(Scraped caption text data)
# # # # #
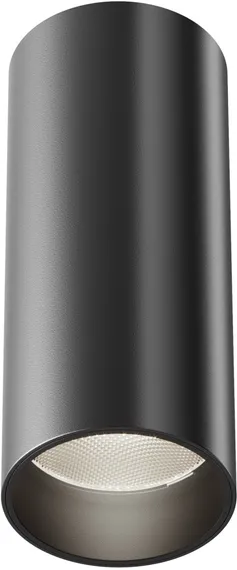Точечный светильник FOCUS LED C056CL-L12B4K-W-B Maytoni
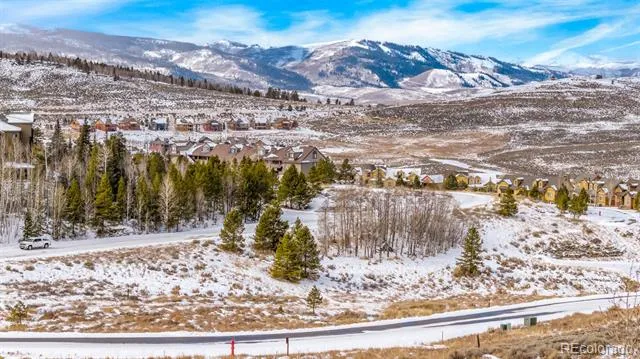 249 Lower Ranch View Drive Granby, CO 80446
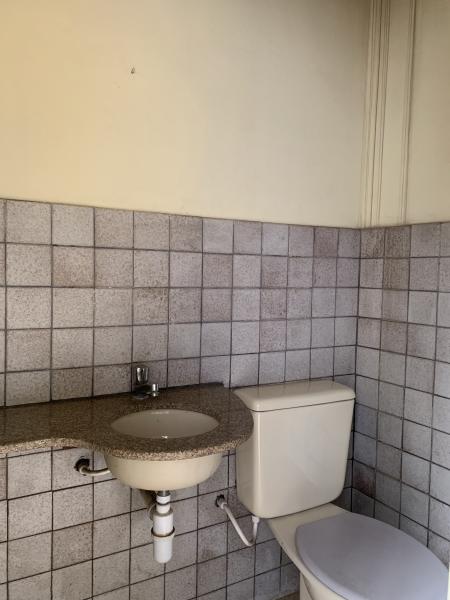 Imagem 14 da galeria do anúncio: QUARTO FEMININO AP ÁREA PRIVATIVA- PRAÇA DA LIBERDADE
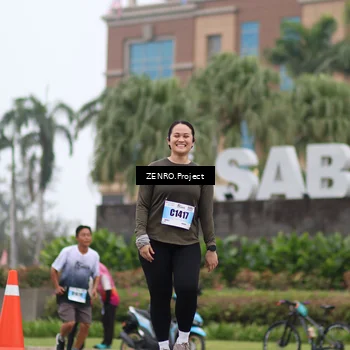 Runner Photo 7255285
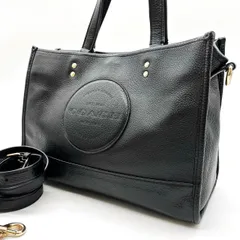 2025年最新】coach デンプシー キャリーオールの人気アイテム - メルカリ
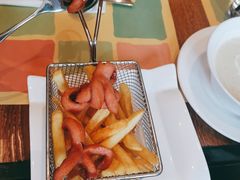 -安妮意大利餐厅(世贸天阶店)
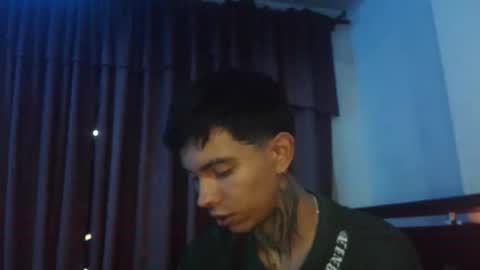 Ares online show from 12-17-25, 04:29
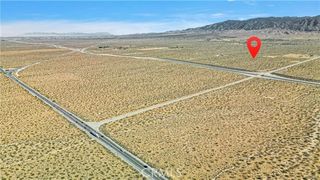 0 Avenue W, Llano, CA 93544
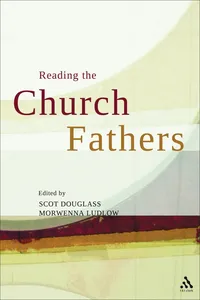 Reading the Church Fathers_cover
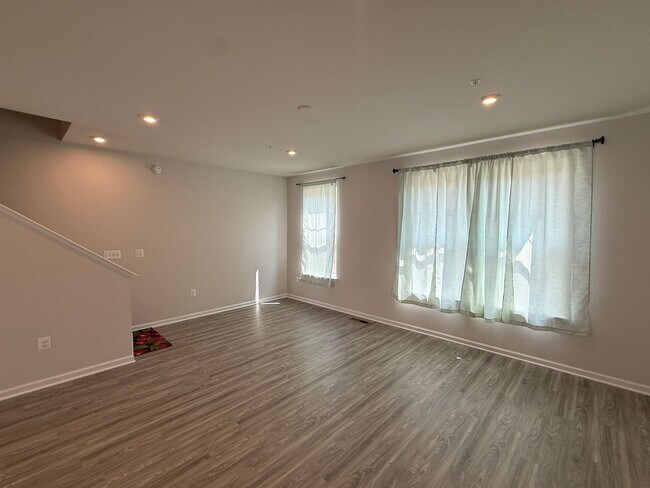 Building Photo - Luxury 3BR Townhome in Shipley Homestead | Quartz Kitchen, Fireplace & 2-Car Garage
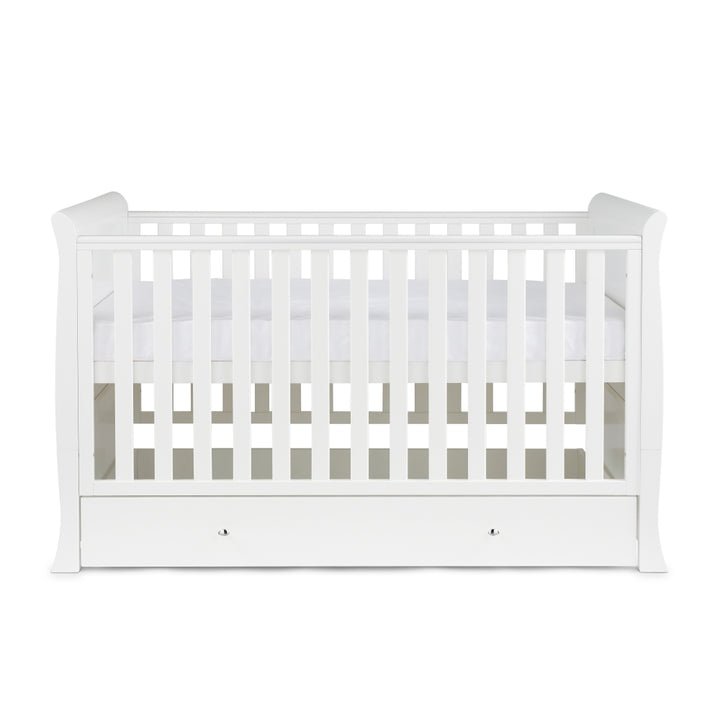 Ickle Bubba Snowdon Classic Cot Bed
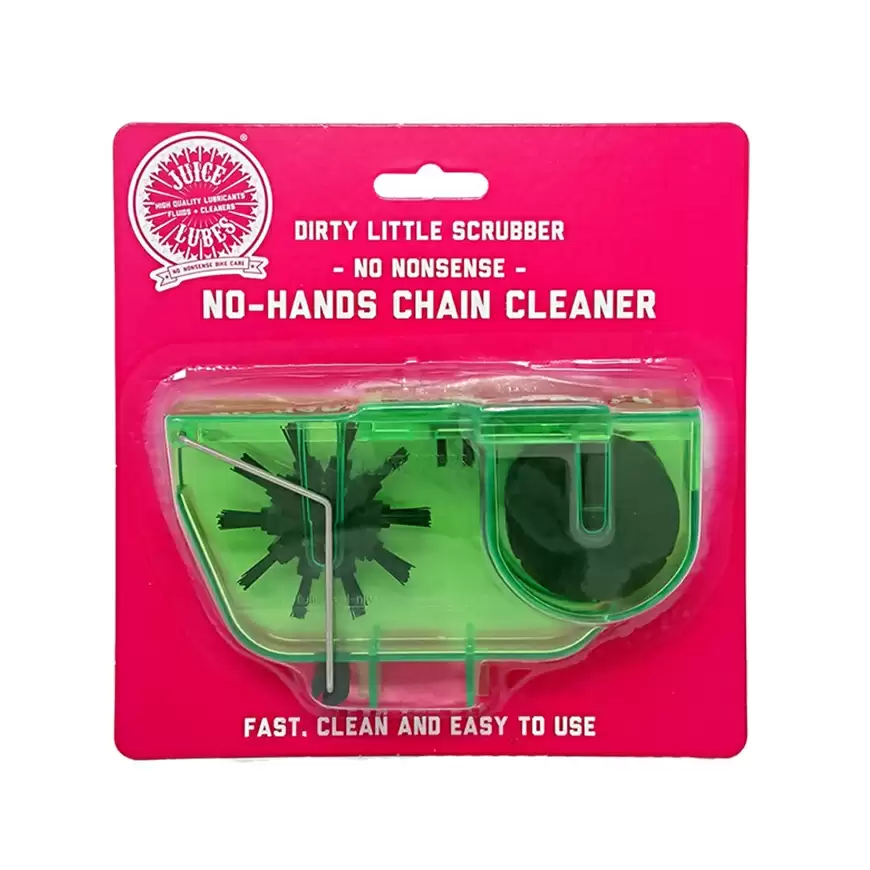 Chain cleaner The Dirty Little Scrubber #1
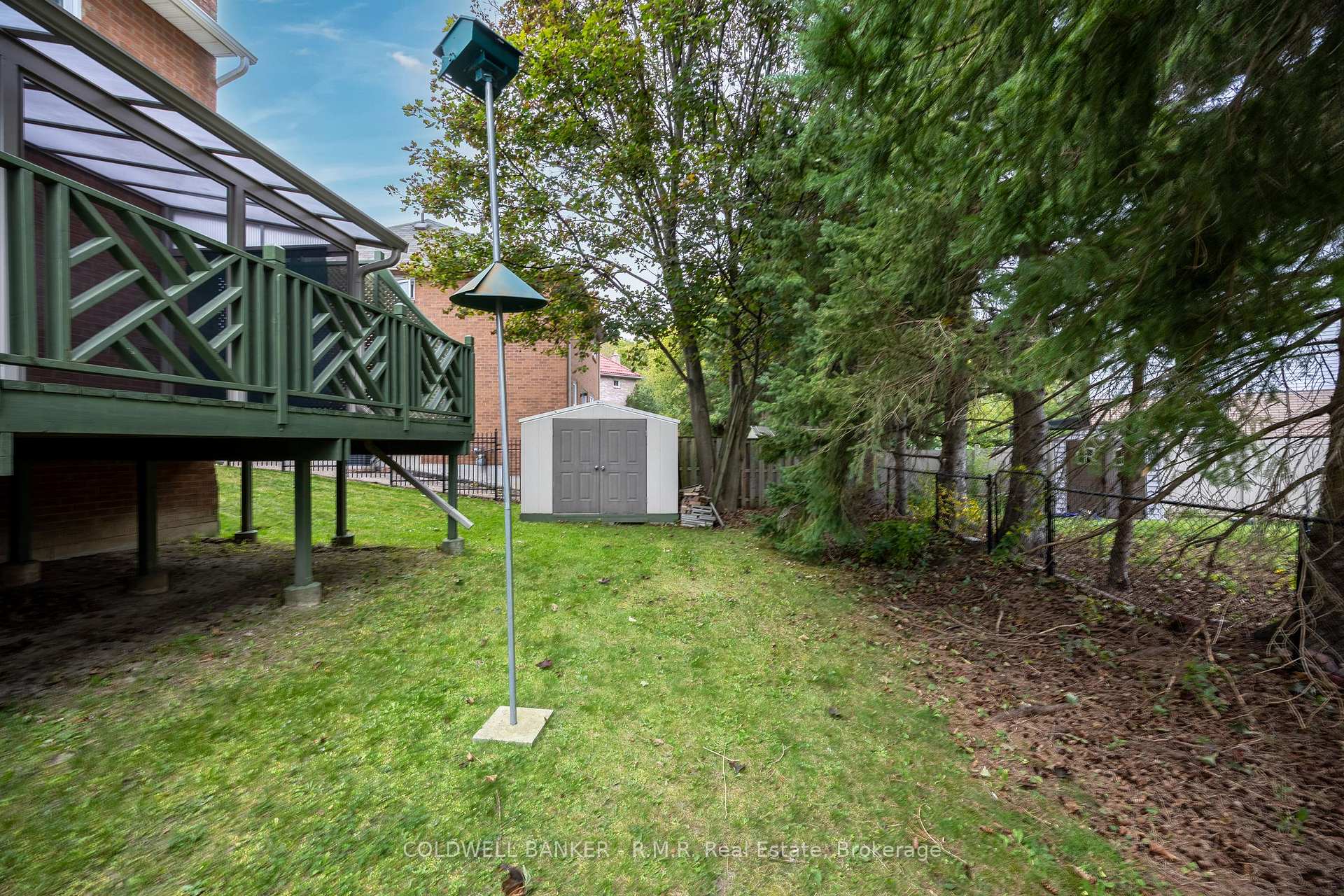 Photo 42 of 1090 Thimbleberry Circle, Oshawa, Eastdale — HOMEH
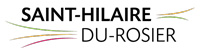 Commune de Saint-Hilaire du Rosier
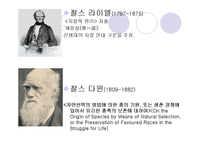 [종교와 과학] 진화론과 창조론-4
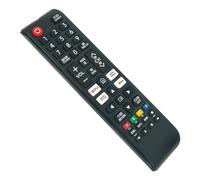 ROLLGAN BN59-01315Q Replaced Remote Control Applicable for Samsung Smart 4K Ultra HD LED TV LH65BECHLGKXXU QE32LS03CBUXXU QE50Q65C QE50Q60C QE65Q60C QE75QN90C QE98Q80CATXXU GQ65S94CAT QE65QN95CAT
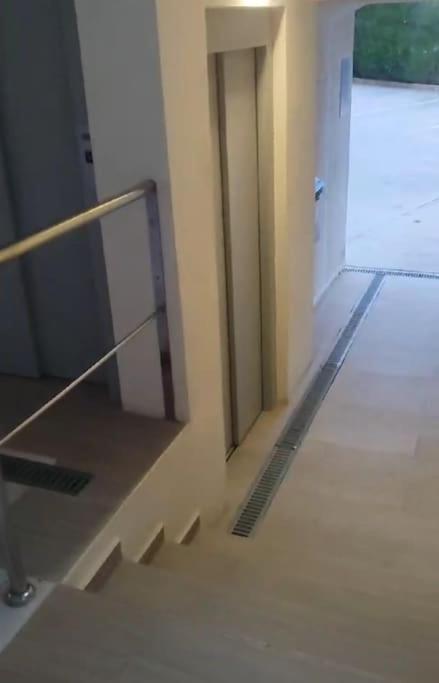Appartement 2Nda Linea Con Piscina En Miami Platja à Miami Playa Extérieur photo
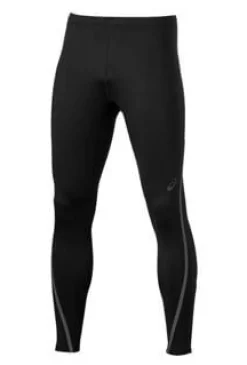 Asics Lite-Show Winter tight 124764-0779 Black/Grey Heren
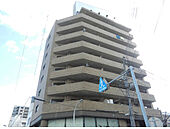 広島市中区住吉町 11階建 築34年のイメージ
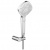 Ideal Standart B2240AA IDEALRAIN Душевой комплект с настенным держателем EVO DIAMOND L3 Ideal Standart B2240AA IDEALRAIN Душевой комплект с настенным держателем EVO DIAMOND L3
# # # # #
WHAT YOU ARE ASKED TO DO: Would you copy, word for word, only the lines above from the one containing "Reading the Church Fathers_cover" through the one containing "広島市中区住吉町 11階建 築34年のイメージ", both included, and please leave out the pictures?

SOLUTION TO THIS TASK:
 Reading the Church Fathers_cover
 Building Photo - Luxury 3BR Townhome in Shipley Homestead | Quartz Kitchen, Fireplace & 2-Car Garage
 Ickle Bubba Snowdon Classic Cot Bed
 Chain cleaner The Dirty Little Scrubber #1
 Photo 42 of 1090 Thimbleberry Circle, Oshawa, Eastdale — HOMEH
 Commune de Saint-Hilaire du Rosier
 [종교와 과학] 진화론과 창조론-4
 ROLLGAN BN59-01315Q Replaced Remote Control Applicable for Samsung Smart 4K Ultra HD LED TV LH65BECHLGKXXU QE32LS03CBUXXU QE50Q65C QE50Q60C QE65Q60C QE75QN90C QE98Q80CATXXU GQ65S94CAT QE65QN95CAT
Appartement 2Nda Linea Con Piscina En Miami Platja à Miami Playa Extérieur photo
 Asics Lite-Show Winter tight 124764-0779 Black/Grey Heren
 広島市中区住吉町 11階建 築34年のイメージ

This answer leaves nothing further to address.